Zsa Zsa would like to update her concerned followers. She recently told you about a weird spot or lump that had appeared on her nose. Out of the blue. At first, it bled (which alerted her human to the situation) and had a crater-like appearance. About a week later – during a course of antibiotics prescribed by the vet, who thought it was an infection – it seemed to be larger and more raised. It also looked like it was filled with liquid.

The human (that would be me) decided to research and found out what else it could be. Canine wart was high on the list of possibilities. Then again, it could be an infection and it was taking a bit of time to clear up. Given that Zsa Zsa always has her nose in a bale of hay, it’s possible that a sharp piece of hay pricked her nose.

I had my bets on the canine wart (which is very common with dogs) and found that boosting the immune system is a first line of attack. I also found that Thuja Oil is an alternative treatment because warts may also be caused by vaccinosis or a reaction to vaccinations. Zsa Zsa had her annual vaccination in late April. Thuja Oil contains northern white cedar and arbor vitae, which means “Tree of Life” and it is recommended to give your pet a dose of Thuja Oil within two hours after a vaccination.

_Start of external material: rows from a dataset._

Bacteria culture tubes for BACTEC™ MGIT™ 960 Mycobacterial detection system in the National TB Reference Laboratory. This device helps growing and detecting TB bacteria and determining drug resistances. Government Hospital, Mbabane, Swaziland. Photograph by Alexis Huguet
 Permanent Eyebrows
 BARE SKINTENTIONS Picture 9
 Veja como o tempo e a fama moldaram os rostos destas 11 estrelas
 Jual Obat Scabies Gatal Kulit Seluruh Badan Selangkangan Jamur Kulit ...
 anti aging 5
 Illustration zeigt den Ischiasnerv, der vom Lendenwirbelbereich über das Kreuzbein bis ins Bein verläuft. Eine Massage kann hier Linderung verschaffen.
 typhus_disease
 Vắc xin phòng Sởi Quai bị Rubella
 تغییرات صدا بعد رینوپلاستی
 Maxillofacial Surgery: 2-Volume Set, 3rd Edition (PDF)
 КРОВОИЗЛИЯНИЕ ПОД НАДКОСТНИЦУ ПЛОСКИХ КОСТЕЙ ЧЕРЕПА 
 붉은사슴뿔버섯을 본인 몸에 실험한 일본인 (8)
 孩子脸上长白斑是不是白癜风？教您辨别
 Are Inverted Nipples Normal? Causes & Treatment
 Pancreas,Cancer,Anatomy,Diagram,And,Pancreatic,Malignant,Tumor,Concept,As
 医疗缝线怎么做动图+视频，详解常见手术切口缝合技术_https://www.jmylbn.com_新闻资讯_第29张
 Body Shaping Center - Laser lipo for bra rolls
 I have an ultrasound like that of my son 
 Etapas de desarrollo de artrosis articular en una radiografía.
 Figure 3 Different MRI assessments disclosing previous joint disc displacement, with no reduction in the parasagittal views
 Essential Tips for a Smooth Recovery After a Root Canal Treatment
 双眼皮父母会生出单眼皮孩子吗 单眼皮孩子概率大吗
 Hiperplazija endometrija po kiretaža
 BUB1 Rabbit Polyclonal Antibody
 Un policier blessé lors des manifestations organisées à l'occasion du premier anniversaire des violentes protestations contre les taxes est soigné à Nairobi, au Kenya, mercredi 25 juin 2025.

So I gave Zsa Zsa 5 drops in her food morning and night for the first week; then dropped it back to once a day in the second week. Shortly after the end of week two, I saw a DRAMATIC difference in the spot. The lump was now flat and much smaller. This was also three weeks after the antibiotics, so I really don’t think they did a thing. Now, in week three, you can barely see the spot and fur is growing back.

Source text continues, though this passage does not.